Карамазовское противоречие между безднами добра и зла создает источник движения, прекращает дурную застылость жизни. В поэзии Высоцкого есть верх и низ, рай и ад, беспредельные нравственные взлеты и падения – но нет середины, нормы.

Бунт маленького человека, подданного империи, заключается в реализации полярности своей натуры. Причем эта полярность выражает суть национального характера.

Между аристократическим – «классическим» – отчаянием Бродского и «мятежом черни» Высоцкого стоит автор прозаической поэмы «Москва – Петушки» (1969) Венедикт Ерофеев. Его произведение сочетает в себе сугубо русского, почти фольклорного героя Высоцкого с самодостаточной языковой стихией поэзии Бродского.

«Москва – Петушки» – новый «Сатирикон»103. Но «Сатирикон» Ерофеева принадлежит уже постхристианской эпохе.

Герой «Москвы – Петушки» тоже обитает на окраине империи (Веничка никогда не видел Кремля). Но его окраина одухотворена надеждой.

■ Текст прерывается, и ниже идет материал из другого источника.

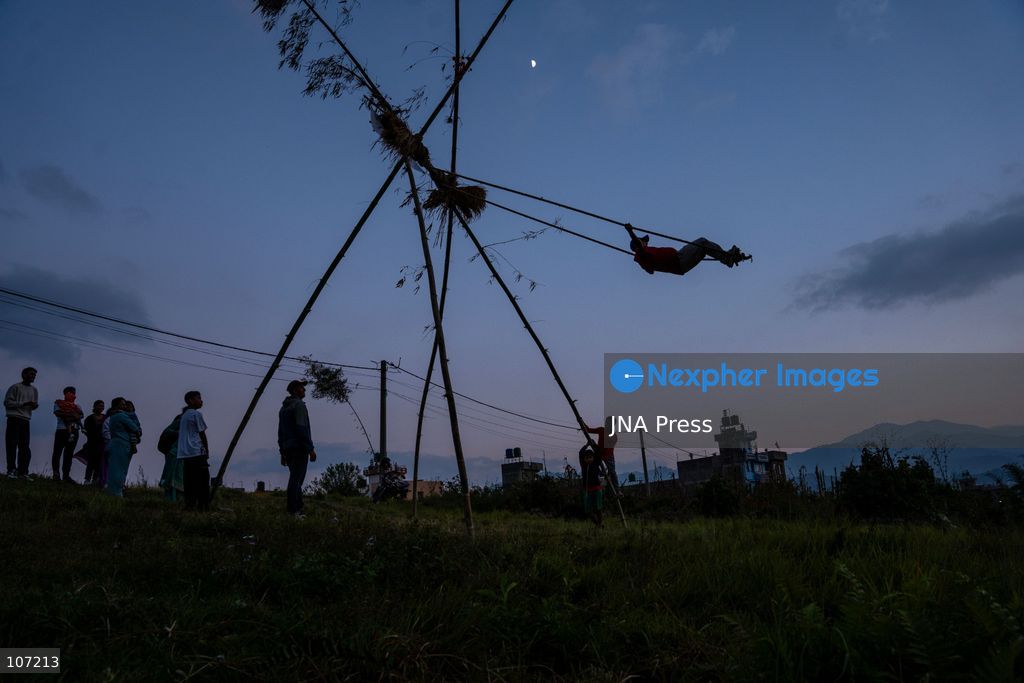 BHAKTAPUR, NEPAL - OCTOBER 19, 2026: Locals enjoy a traditional swing set up in Duwakot, Bhaktapur, Nepal, during the Dashain festival. According to tradition, people should leave the ground at least once during Dashain by riding a swing. Swings are set up in various parts of the country and draw crowds, especially after people receive tika blessings. (Photo by Ghanashyam Shrestha/JNA Press via Nexpher Images)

Движение из Москвы в Петушки не просто механическое перемещение, это – бегство из империи.

Устраняясь из размеренного течения жизни, которое на самом деле есть не течение, а стояние, живя иллюзорной алкогольной действительностью, Веничка проповедует спасение через недеяние: «Всеобщее малодушие» – да ведь это спасение ото всех бед, это панацея, это предикат величайшего совершенства!»104

По Ерофееву, история не прекратилась, не стала точкой Бродского, она сохранила вектор, но вектор, направленный внутрь личности.